On a related topic that we have discussed in these pixels before, I was inspired recently by a post over on the Art of Manliness blog about travel wardrobe choices. Blog contributor Antonio Centeno had this to say about travel style choices: "Finally, dressing well while you travel shows your respect for others and the places they call home." I couldn't agree more.

Finally, over at the must-read Tnooz site I caught a mention of JetBlue's sponsorship of the live Broadway show adaptation of "Catch Me If You Can," which harks back to the glory days of the jet age. "JetBlue's mission and brand essence [is] to bring humanity back to air travel, resurrect the glamour and joy of flying in the 1960s, the industry era created for the Broadway show," says Lisa Borromeo, the airline's manager of brand and partnerships.
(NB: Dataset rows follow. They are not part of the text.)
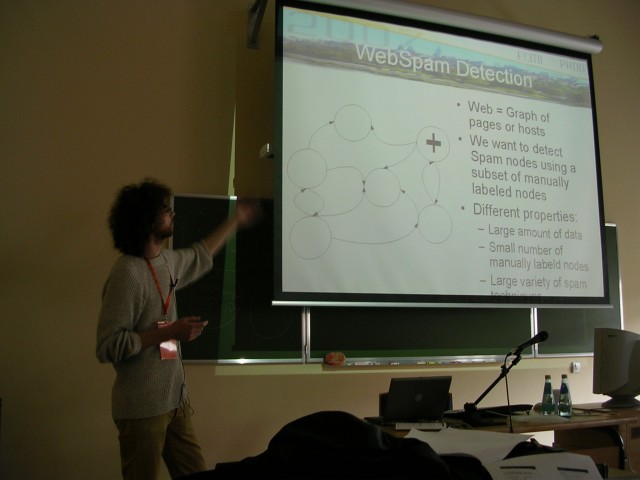L. durante la conferenciaL. during the conference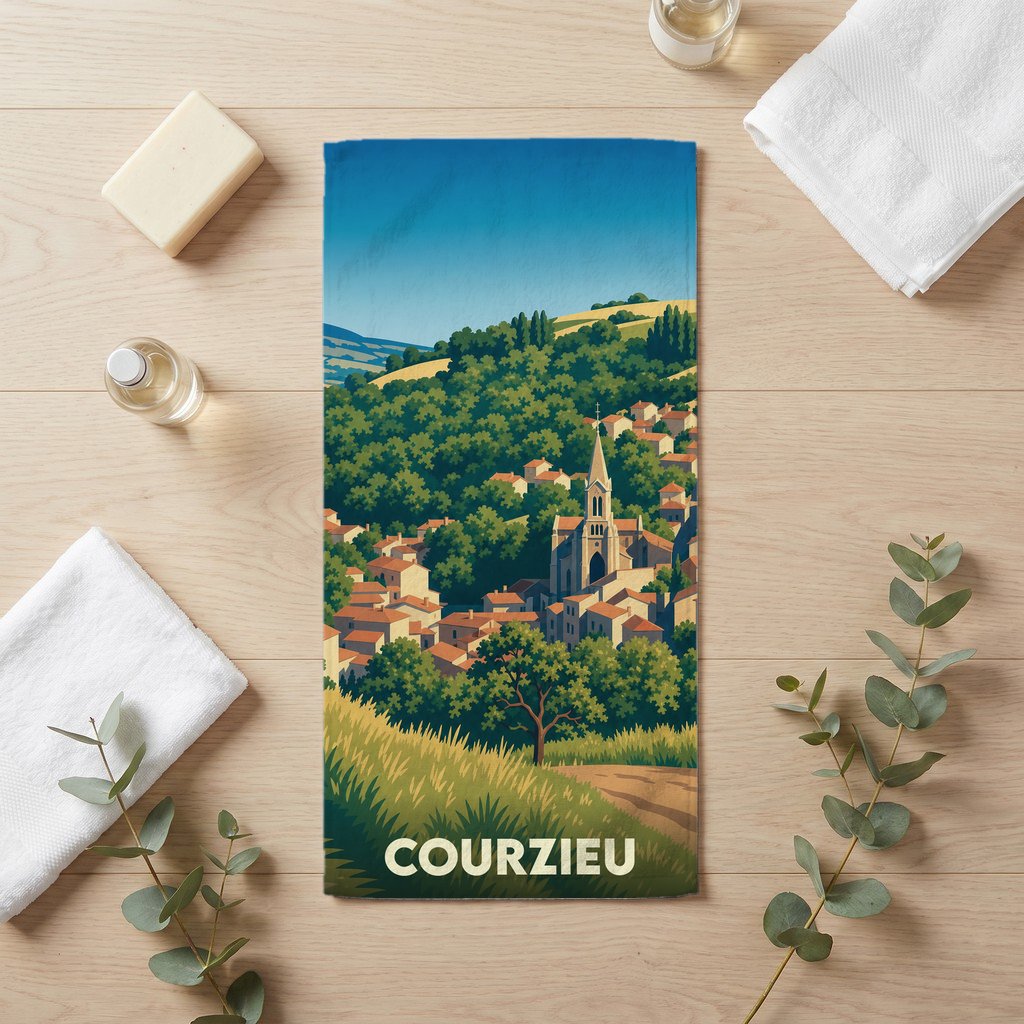 Serviette de bain souvenir de la ville de Courzieu avec une illustration stylisée de son église et de ses paysages vallonnés.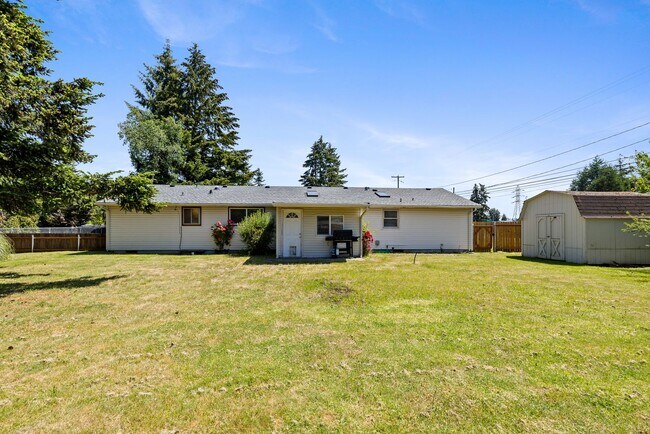 Building Photo - 17916 40th Ave E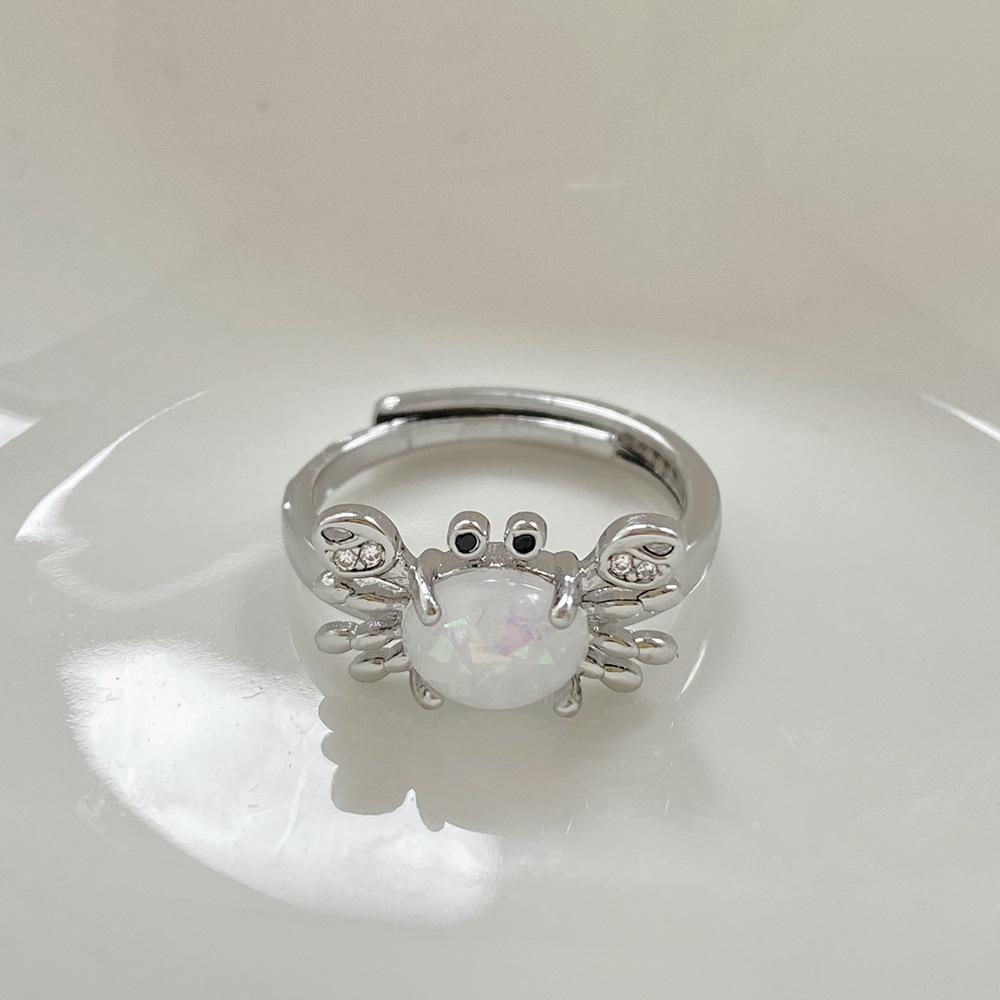 ins moonstone crab ring female fashion personality creative niche design diamond small crab index finger ring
We're all trying to do the same thing here: maintain our dignity during travel. We just want to be treated properly. I like to think that most of us make a stab at acting appropriately during what has increasingly become an undignified process. So let's not kid ourselves: road warriors are finding themselves shoehorned into ever smaller seats and digging deeper in their wallets to pay for basics like carry-on luggage. Sometimes we get yelled at or forgotten on tarmac buses. Admit it: these types of regular occurrences do beg the question of whether or not a gentleman should reach for the sports jacket.












I really don't think it's going to get better, but I'm not blaming it on the airlines, either. They satisfy a public desire (low fares) and (somewhat arguably) resource their businesses accordingly. Likewise, Geffen or Polydor Records can't be blamed for the fact that people enjoy listening to insufferable drivel masquerading as music — they are merchants, not arbiters of the cultural good.

Nor do I really have much of a solution, except to persevere in my own obsolete and "counter(passenger)culture" ways. I'm going to be pleasant and cooperative with cabin staff and other travel providers. I'm going to follow the safety rules and procedures. I'm going to check out of my hotel on time, and abide by Mr. Centeno's style advice above because I agree it shows respect for others and their culture. I do it because this type of stuff goes along with delivering a firm handshake, speaking frankly and clearly, bringing an appropriate gift, and knowing a few good knots.

If other people want to prance around the hotel lobby of a foreign city in sweatpants, then fine — no one will stop them. But in my experienced opinion, the way to avoid being treated like a head of cattle in your travels is surprisingly intuitive: stop acting like one.